We planted six everblooming strawberry plants in late winter this year. The berries were luscious and none made it into the house but were popped into the mouth while still warm from the sun. Oooh, baby, there is nothing better and if juice drips down your chin, you get bonus points. These plants have become many with their runners so we are expecting huge numbers next year. Other family members might even get some.
Another success was the four jalapeno plants. We have always planted this type of pepper for we love spicy food. No matter the lack of rain or poor soil they might have been stuck in the early days of veggie gardening here, the crop has always been bumper. They start bearing early and will continue into November when the peppers will turn red.
First time growing for us were the cucumbers, planted as seeds into the ground the two plants have given us many fine meals and many jars of pickles. Towards the end of the season we have noticed these little mounds of excavated cucumber flesh resting on the spiky skin. This is a worm that tunnels through the fruits and I am sick of dealing with them. The cukes can be soaked in salt water and the worms will come crawling out, but really, yuck! Time to compost these plants.
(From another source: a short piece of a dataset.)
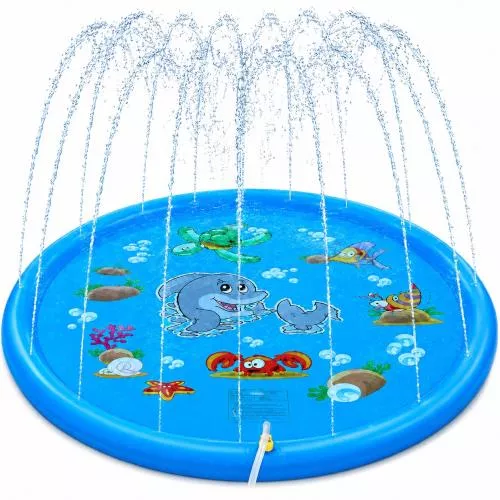 Splash Pad Sprinkler image 3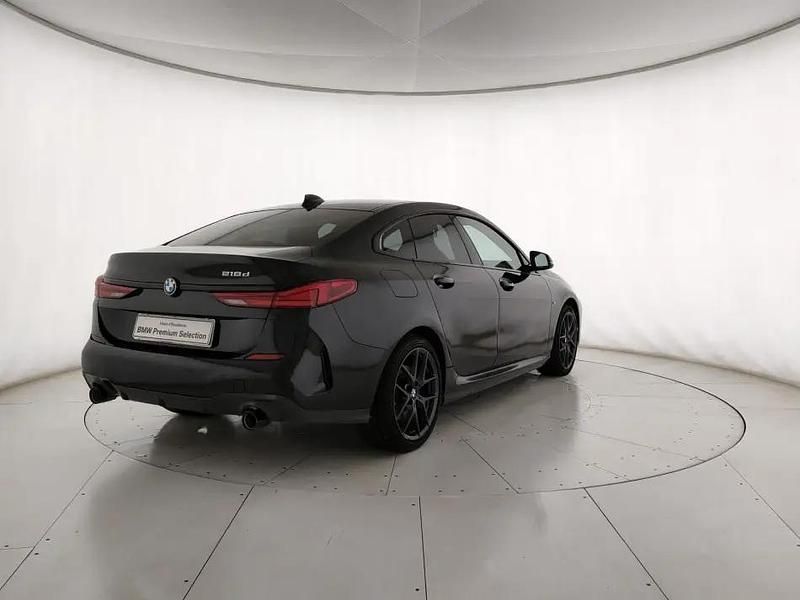Usata BMW 218 M Sport 150 CV (110 kW) 2021 Nero Coupé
The yellow patio tomatoes, this one is Golden Gem, outproduce all other types of tomatoes by leaps and bounds. My theory about this is that the species tomato is a small yellow one and is just a more vigorous plant than the reds, large or small. Normally we grow the yellow pears, but tried this one this year and noticed that there was not the cracking and splitting that the others were prone to. A big improvement.
We tried several heirloom tomatoes including Brandywine, Cherokee Purple and Black Krim. The last one gave us the best and most fruit. We also grew Park’s Improved Whopper and that one is still bearing. The tomatoes are not as large, but they are numerous, and very long fruiting, still giving us nice looking produce.
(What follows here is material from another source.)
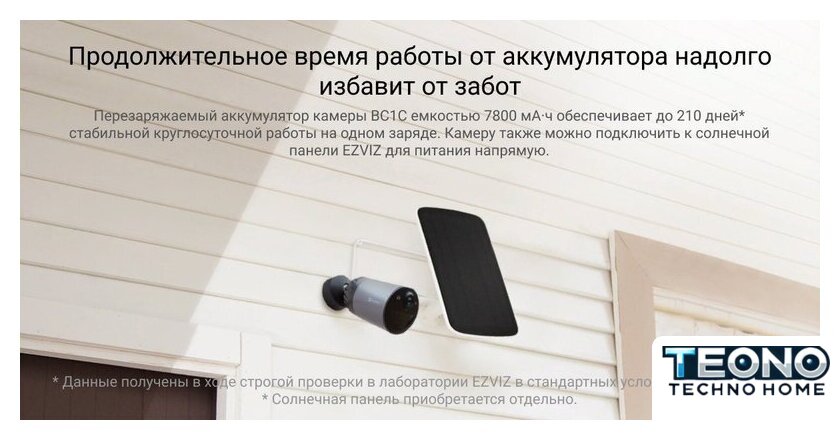 IP-камера Ezviz eLife CS-BC1C - Изображение №12 — Интернет-магазин Teono.by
There are always tomato plants that come up in odd places in the garden.They are usually small ones but this plant appeared next to the new rose on the arbor, Madame Alfred Carriere. Maybe it was in the pot that was shipped from the Antique Rose Emporium, but the tomatoes are nice sized and tasty. This group is on a branch down by the ground and hidden from the pesky birds that like to poke holes in my nice food crop. HA to you birds!
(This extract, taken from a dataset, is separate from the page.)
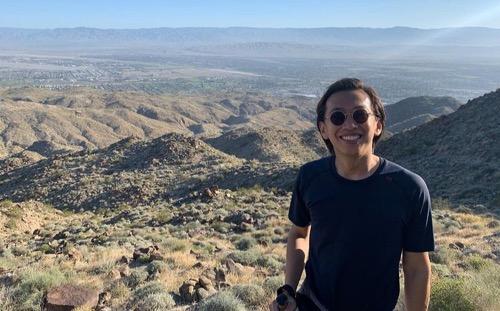 Alfandy, artis cilik era 1990-an.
Radish seeds have been planted for the fall crops. In just a couple of days we have germination. Also planted on that day were carrots, beets, arugula and some saved seeds harvested from our terrific crop of sugar snap peas. The peas are up as well.
The big finale is the carrot harvest. We had made a two foot high planter box and filled it with chopped leaves, bagged compost and soil conditioner and our favorite additive, Black Kow. Our regular soil is clay with assorted stones. Even our best soil is not good for carrot production. While the carrots look good, the taste was disappointing. Maybe we left them in the ground too long, I was waiting for them to poke their necks out to let us know when to pull them. We won’t be growing those again.
Another crop that looks to be bumper this year is shown above. While they could be eaten by humans, none are ever available to us. This photo was taken with the zoom for these fruits are very high above the ground. Last year’s drought caused the production of these walnuts to be numerous. The squirrels will have to go into overtime to get them all buried and then forgotten. Massive digging will be done in the garden by the squirrel workers trying to locate their prizes. Arghhh!